Yong Q. Chen, chercheuse en cancérologie à l’université de Jiangnan, en Chine, et son équipe s’intéressaient au rôle d’un récepteur des acides gras libres à longue chaîne (comme les oméga-3, par exemple), FFA4R, dans le métabolisme des lipides [ce récepteur est présent notamment à la surface de certaines cellules de l’intestin et des adipocytes, ndlr]. Dans ce but, les chercheurs soumettaient initialement des souris à un régime riche en graisses. Puis Yong Q. Chen a suggéré d’utiliser un régime riche en glucides à titre de comparaison. Les résultats ont été surprenants…
« Nous pensions qu’un récepteur d’acide gras influerait sur la préférence pour les graisses. Contre toute attente, il s’avère que FFA4R module l’envie de sucre », explique Yong Q. Chen.

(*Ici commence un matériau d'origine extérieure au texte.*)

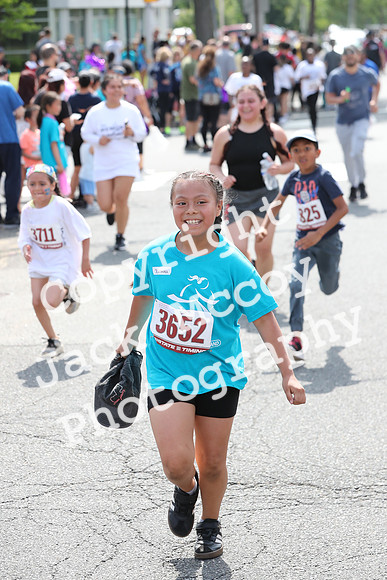 Finish_0612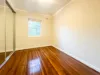 9 Rawson Cres, Pymble, NSW 2073-Image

En effet, les chercheurs ont constaté une corrélation entre la diminution de la quantité de FFA4R chez les souris et une préférence plus marquée pour le régime riche en sucre. Ils ont également comparé les concentrations de ce récepteur chez des souris et des humains souffrant ou non de diabète. Résultat ? Les quantités sont nettement plus faibles chez les individus diabétiques.
C’est là qu’intervient le microbiome intestinal : les scientifiques ont également découvert, aussi bien chez la souris que chez l’humain, qu’une moindre quantité du récepteur était liée à une présence plus faible d’une bactérie intestinale nommée Bacteroides vulgatus.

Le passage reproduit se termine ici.